One of the group’s recent recording projects is a collaborative album with the reedist to be called The Straight Horn of Rudi Mahall, a play on the Steve Lacy album. But instead of Lacy’s straight horn, the soprano saxophone, this one focuses on Mahall’s axe, the clarinet, his original instrument—he’s much better known for his work on the bass clarinet. That album is due early next year on Two Nineteen Records, the Berlin imprint that’s issued the last couple of albums by Die Enttäuschung, the exceptional quartet both Mahall and Griener play in. The trio has been so enthused about its recent work it decided to make a bunch of it available right away. Last week Oùat launched a nice holiday project—a musical advent calendar—posting a new free track on its Bandcamp page every day leading up to Christmas, under the title Trial of Future Animals.
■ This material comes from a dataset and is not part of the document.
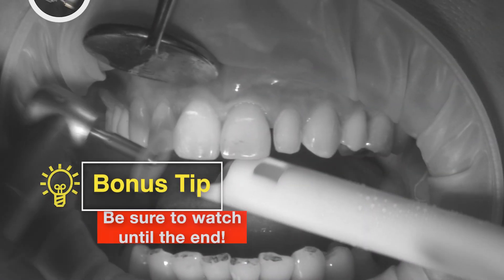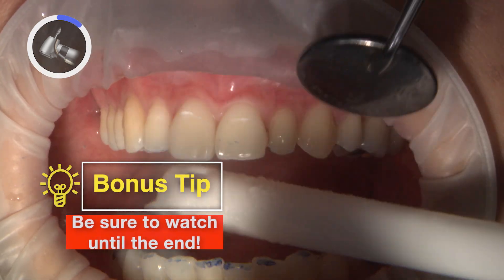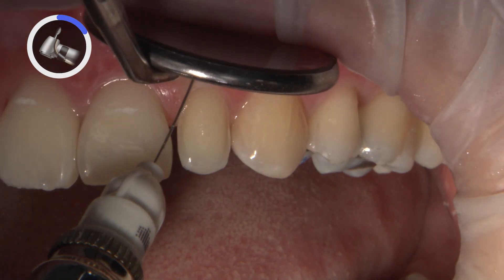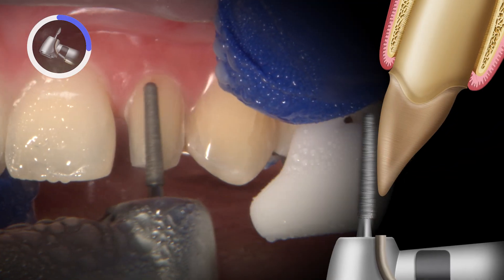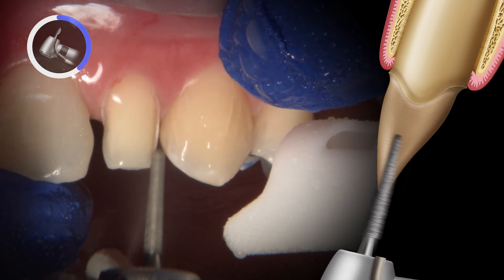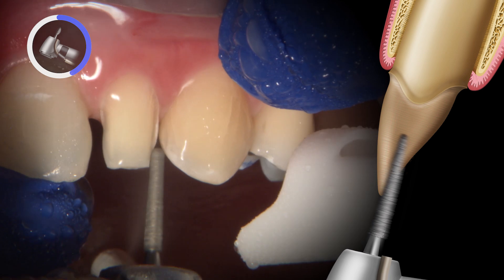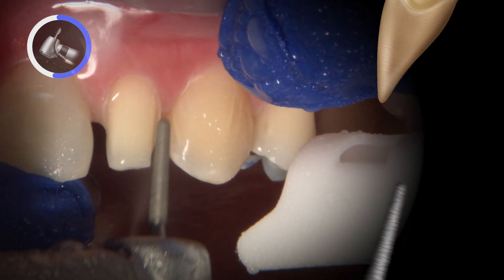Now that symmetry and harmony are accomplished through selective enamelplasty and bonded restorations, my attention goes to the peg lateral number 10. My initial approach was to restore it with a veneer, but the large gingival embrasure space between number 9 and 10 required me to place my margin more lingually to gain more aesthetics. I decided to include the lingual and plan for a full coverage restoration.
Below you can hear “Space Boogie,” a tune they recorded in October which captures the trio’s knotty swing in a nutshell. But half of the four tunes they’ve already shared eschew any sort of formula—to be expected with this cast—including some gonzo singing on “The Gong Song” and twisted folk-derived/quasi-ritualistic flute tooting on “Supreme.” I can’t think of a better gift this year, although you might want to leave something for the musicians.
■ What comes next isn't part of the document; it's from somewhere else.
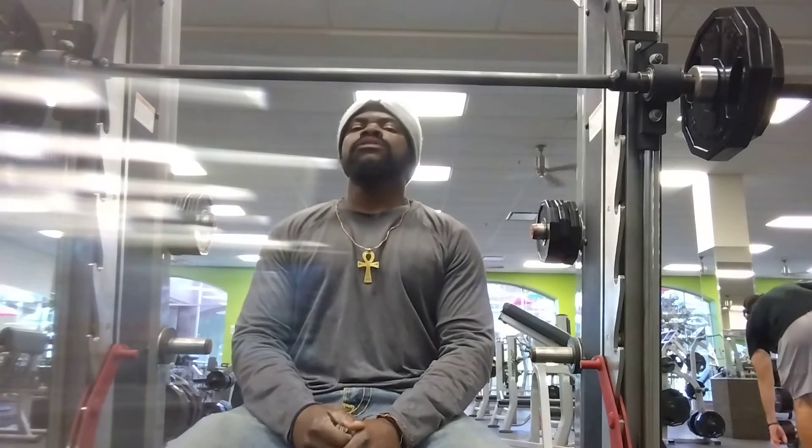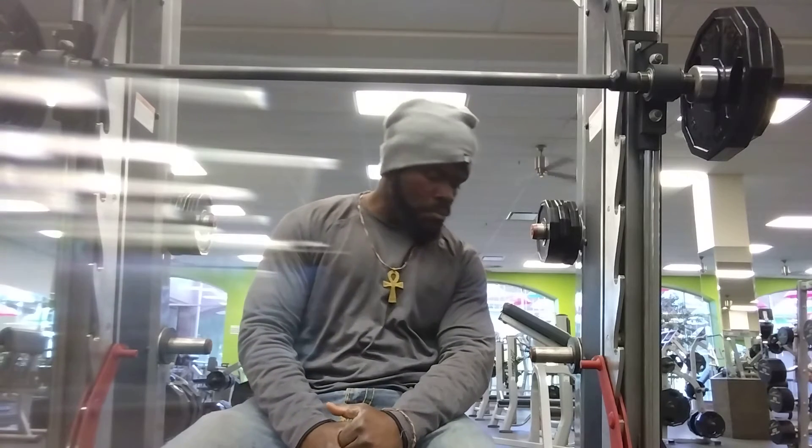Take a little break — a few seconds break and then we're going to continue. For me, the sitting shoulder press gave me a lot of balance.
Recommended Shows in Berlin This Week
December 5: “A” Trio (Mazen Kerbaj, Sharif Sehnaoui & Raed Yassin) with Magda Mayas, 8 PM, KM28, Karl Marx Straße 28, 12043 Berlin
December 5: Reich-Baumgärtner-Pringle Trio: Nick Dunston Quartet (with Tobias Delius, Merve Salgar, and Anil Eraslan), 8:30 PM, Jazz Club A-Trane, Bleibtreustraße 1, 10625 Berlin
December 6: “A” Trio (Mazen Kerbaj, Sharif Sehnaoui & Raed Yassin) with Andrea Parkins & Ute Wassermann, 8 PM, KM28, Karl Marx Straße 28, 12043 Berlin
December 6: Harmonic Space Orchestra (works by Catherine Lamb, Thomas Nicholson & Liisa Hirsch); AFEKT Festival Soloists (works by Janis Petraskevich, Helena Tulve, Monika Mattiesen and Elis Hallik), 7 PM, Emmaus Church, Lausitzer Platz 8A, 10997 Berlin
December 7: Punkt.Vrt.Plastik (Petter Eldh, Kaja Draksler & Christian Lillinger); Pimpon, 8 PM, KM28, Karl Marx Straße 28, 12043 Berlin
December 7: Goose Green 3 (Joakim Rainer, piano; Klaus Ellerhausen Holm reeds; Bjørn Marius Heggem double bass) with Steve Heather, drums; Anna Kaluza, Nikolaus Neuser, Tommaso Vespo & Jan Roder, 8 PM, Kuhlspot Social Club, Lehderstrasse 74-79, 13086 Berlin
December 8: Polwechsel (Burkhard Beins, Martin Brandlmayr, Werner Dafeldecker & Michael Moser) with John Butcher & Magda Mayas, 8 PM, Exploratorium, Zossener Strasse 24, 10961, Berlin
December 8: Dell-Lillinger-Westergaard with Tamara Stefanovich, 8 PM, Kühlhaus Berlin, Luckenwalder Str. 3, 10963 Berlin
December 9: Angelika Niescier, Tomeka Reid & Savannah Harris; Home Stretch (Philipp Gropper, Antonis Anissegos, Dan Peter Sundland, Steve Heather), 8 PM, House of Music, Revalerstr. 99, 10245 Berlin
December 9: David Krakauer & Matt Haimovitz: Akoka (with Johnny Gandelsman, Kathleen Tagg, and Socalled), 7 PM, Pierre Boulez Saal, Französische Straße 33d, 10117 Berlin
December 9: Polwechsel (Burkhard Beins, Martin Brandlmayr, Werner Dafeldecker & Michael Moser) with Johnn Butcher, Magda Mayas & Andrea Neumann, 8 PM, Exploratorium, Zossener Strasse 24, 10961, Berlin
Brilliant column, thank you! But alas, I wish the Polwechsel set weren't prohibitively priced, as it's a truly lovely item. Even the individual albums in DL-only format are on the steep side.